David Chang and McDonald’s fries: Amazing stories about restaurants.

David Chang’s Mania and McDonald’s Fries: Longform’s Guide to Great Restaurant Stories

David Chang’s Mania and McDonald’s Fries: Longform’s Guide to Great Restaurant Stories

Longform.org's guide to the greatest long articles ever written.
May 6 2012 7:00 AM

The Longform Guide to Restaurants

The mania of David Chang, the secret to McDonald’s fries, how to bribe a maitre d’—great stories about the restaurant business.

Chef David Chang.
Chef David Chang attends the TIME 100 Gala celebrating TIME'S 100 Most Influential People In The World.

Fernando Leon/Getty Images for TIME.

Every weekend, Longform shares a collection of great stories from its archive with Slate. For daily picks of new and classic nonfiction, check out Longform or follow @longform on Twitter. Have an iPad? Download Longform’s brand-new app.

Here are a few favorite stories about the notoriously brutal restaurant business.

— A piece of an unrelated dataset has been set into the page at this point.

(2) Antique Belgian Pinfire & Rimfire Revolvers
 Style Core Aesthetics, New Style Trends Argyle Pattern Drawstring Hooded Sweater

We went for an array of perspectives here—everything from the most mass-produced food on the planet to what it takes to get a table at the hottest spots in New York. If you’re still hungry, we’ve got nearly 50 more food stories in the Longform archive to choose from. Enjoy.  

Bruce Feiler • Gourmet • October 2000

If you walk into New York’s best restaurants without a reservation, what does it take to get a table?

“It’s just after 8 P.M. on a balmy summer Saturday and I’m heading toward one of New York’s most overbooked restaurants, Balthazar, where celebrities regularly go to be celebrated and where lay diners like me call a month in advance to try and secure a reservation. I don’t have a reservation. I don’t have a connection. I don’t have a secret phone number. The only things I have are a $20, a $50, and a $100 bill, neatly folded in my pocket.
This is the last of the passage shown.